Recently efforts have been made to test the idea that literature does, on occasion, provide cognitive benefits. It has been claimed that exposure to fiction—even single episodes of reading—measurably improves empathy and theory of mind (Kidd & Castano 2013); the effects, if real, seem to be small and the claimed results have been hard to replicate (Panero et al. 2016; Kidd & Castano 2019). Other work in this growing field also does not point in a single direction. Some studies suggest that fiction has a capacity to improve aspects of social cognition (Calarco et al. 2017; Mar 2018a,b) while others find no such effect (e.g., Wimmer et al. 2021a, b; see Currie 2020; chs 9–11 for general discussion). Humanistic scholars who claim educative effects for fiction may respond that these effects are slow and cumulative, and unlikely to be visible in studies of single episodes of reading; testing such claims will be difficult. But their claims are, nonetheless, empirical.

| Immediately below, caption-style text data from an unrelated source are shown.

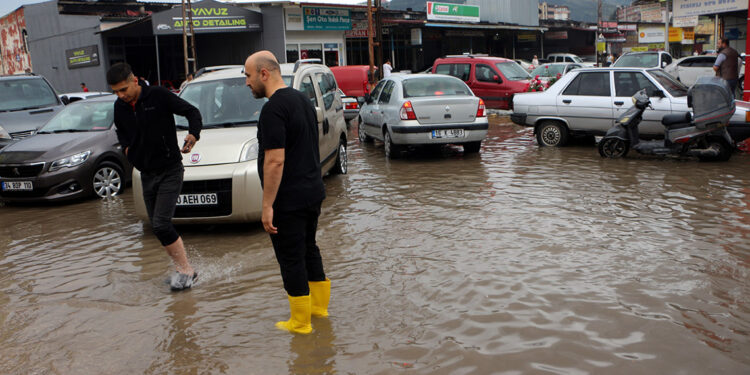 Tokat'ta sağanakta ev ve iş yerlerini su bastı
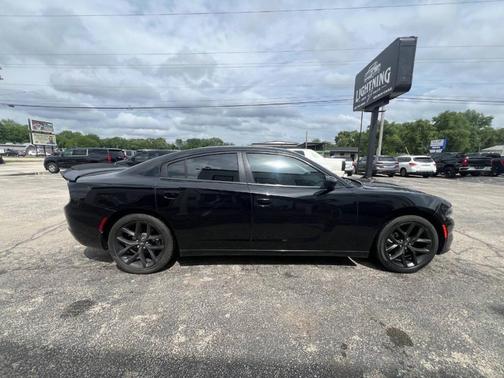 Pitch Black Clearcoat 2019 Dodge Charger SXT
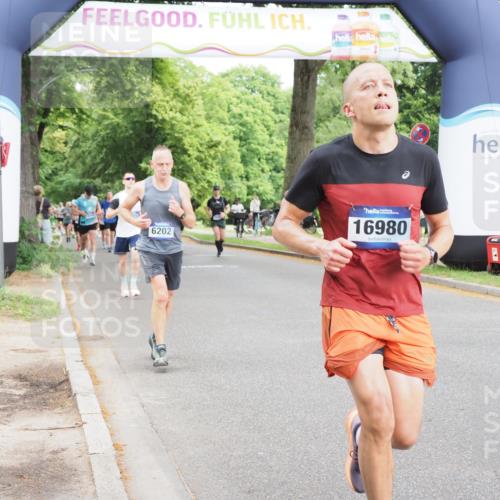 29.06.2025 - hella hamburg halbmarathon MichiJ http://msf.ph/oto/8377723 29.06.2025 10:45:49 Zwischen KM18-KM19 2348, 2619, 3279, 5926, 6202, 10759, 16980, 17839, 18232, 18254, 18954 meine-sportfotos.de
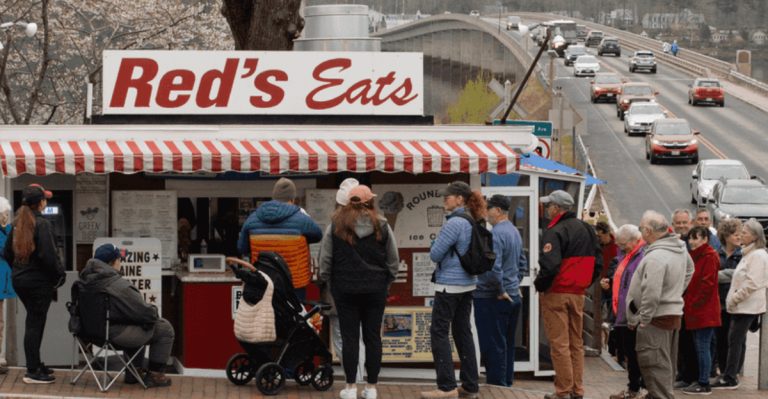 The Real Lobster Roll Capital Of Maine Isn’t Where You’d Expect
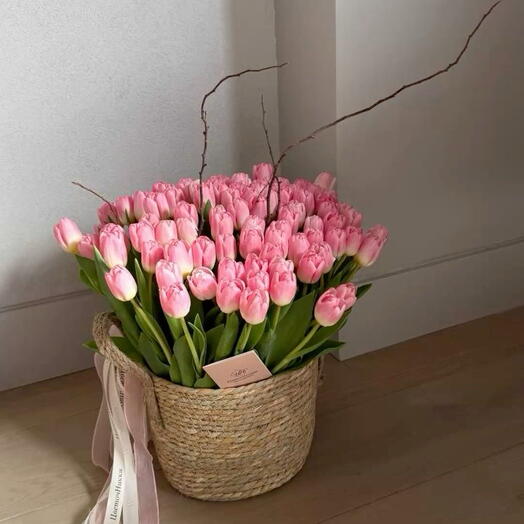 Basket with tulips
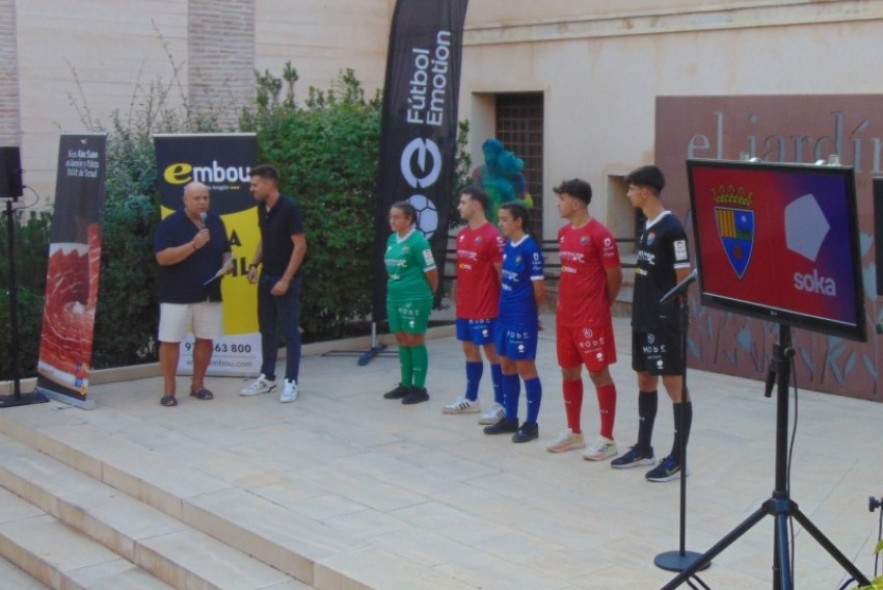 La nueva equipación del CD Teruel, guiño a la estrella mudéjar y a Los Amantes de Teruel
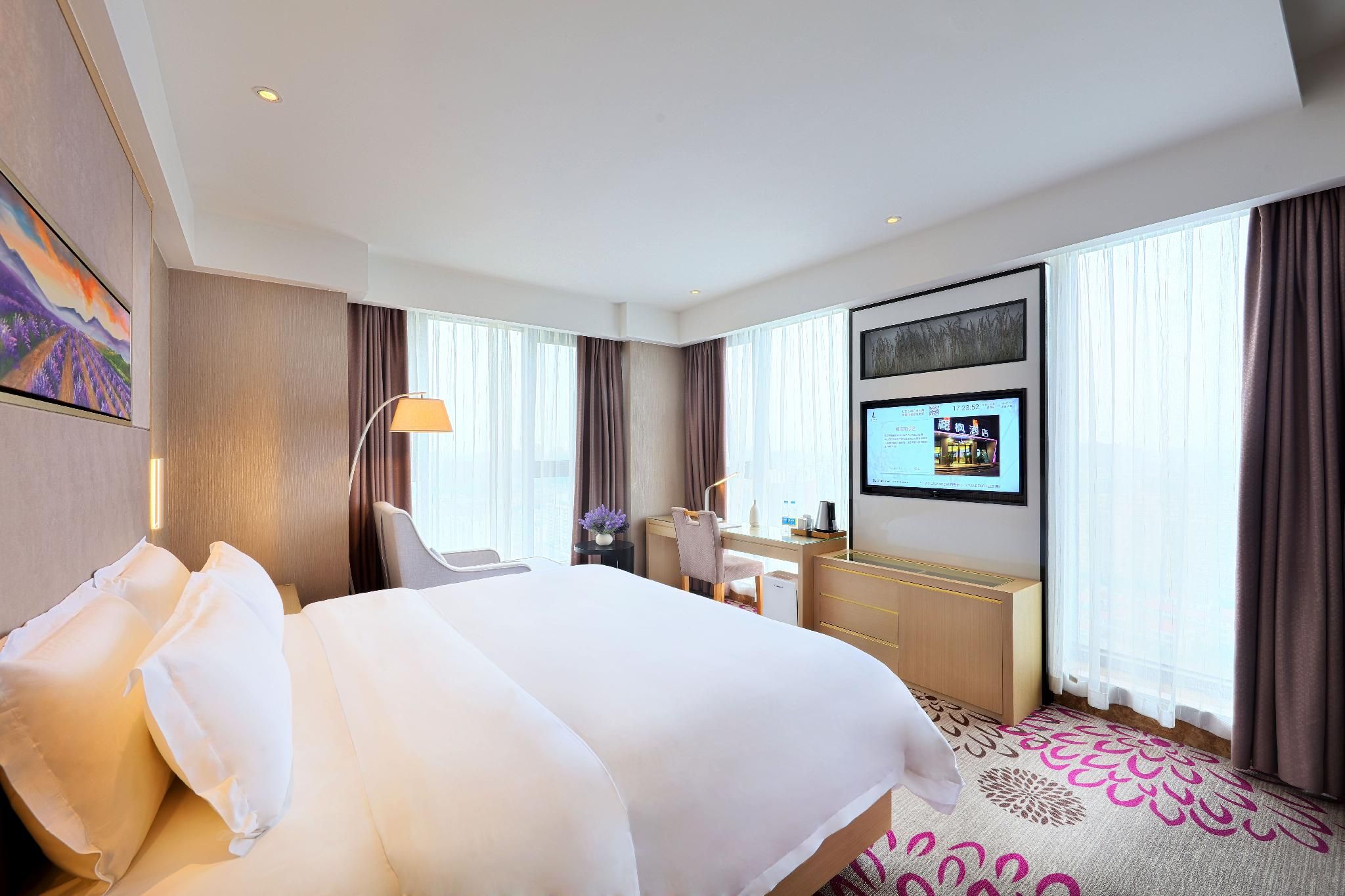Business Queen Room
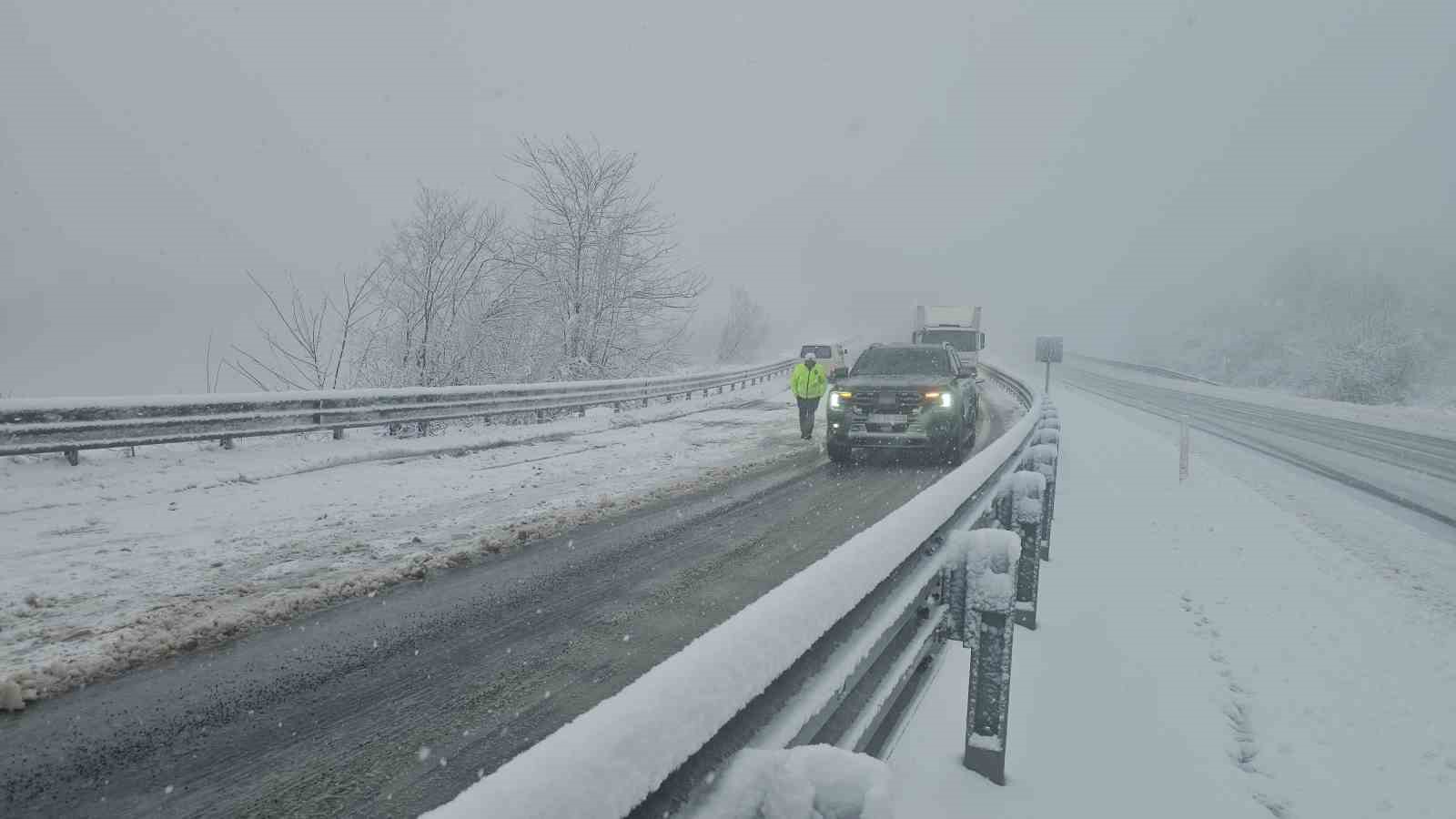 Zonguldak-Ereğli yolunda sürücülere kar engeli
Zonguldak-Ereğli yolunda sürücülere kar engeli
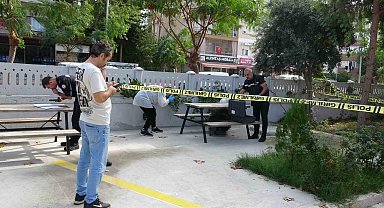 Dinlenmek için oturduğu cami bahçesindeki bankta son nefesini verdi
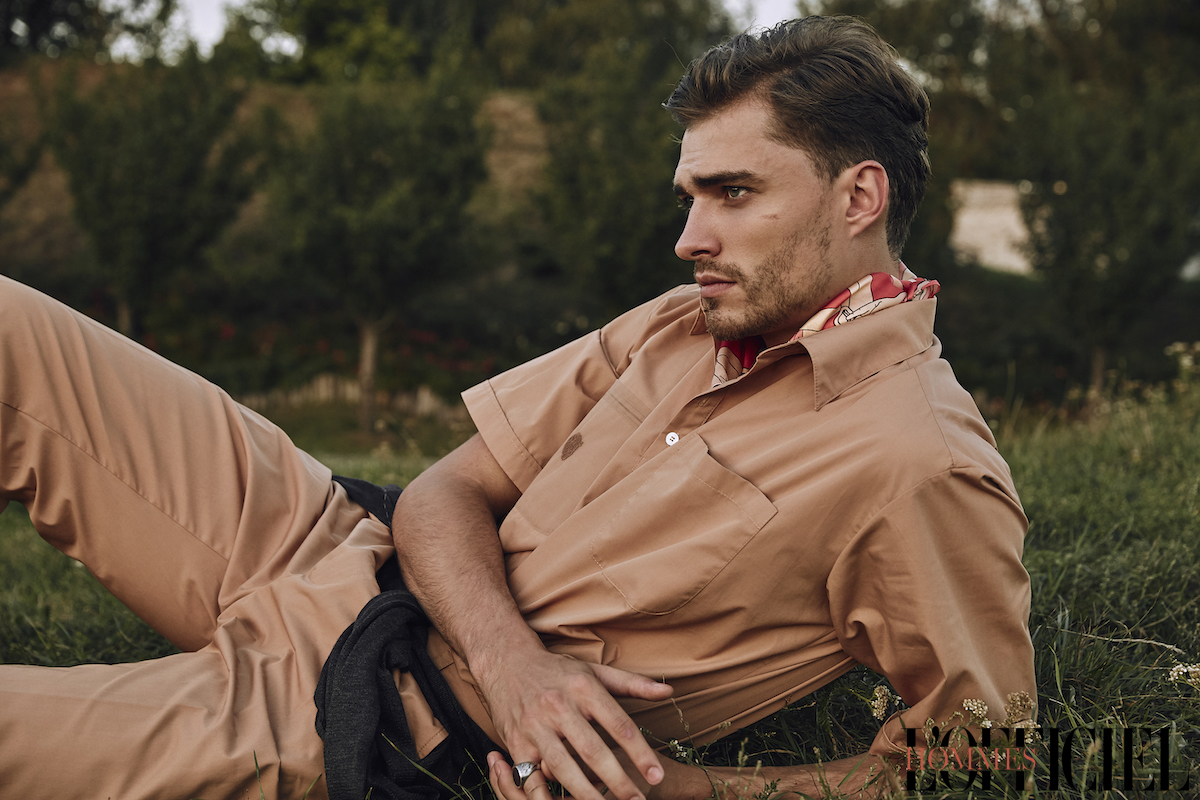 Рубашка, брюки, кардиган и шейный платок – Frolov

Among other examples of the cognitive study of literature are investigations of emotional responses. While aestheticians have tended to focus on the apparently “paradoxical” aspects of our emotional responses to fictions (for example why we are emotionally affected by the non-existent, see above Section 7), researchers in the cognitive sciences has begun a broader attempt to understand the role of emotions of all kinds in generating and maintaining interest in narrative and poetry (Menninghaus, Wagner, Wassiliwizky, et al. 2017); Jenefer Robinson’s (2005) is an example of work from within aesthetics that takes up this broader ambition while being strongly informed by empirical work. More recently, Kukkonen (2020) attempts an alignment between the expectations of a reader sometimes surprised by plot development and the predictive processing approach to perception and cognition (see above Section 3). It is an open question whether the predictive processing account sheds aesthetically relevant light on the reader’s experience rather than simply providing what we have called a mechanism story (see above Section 4).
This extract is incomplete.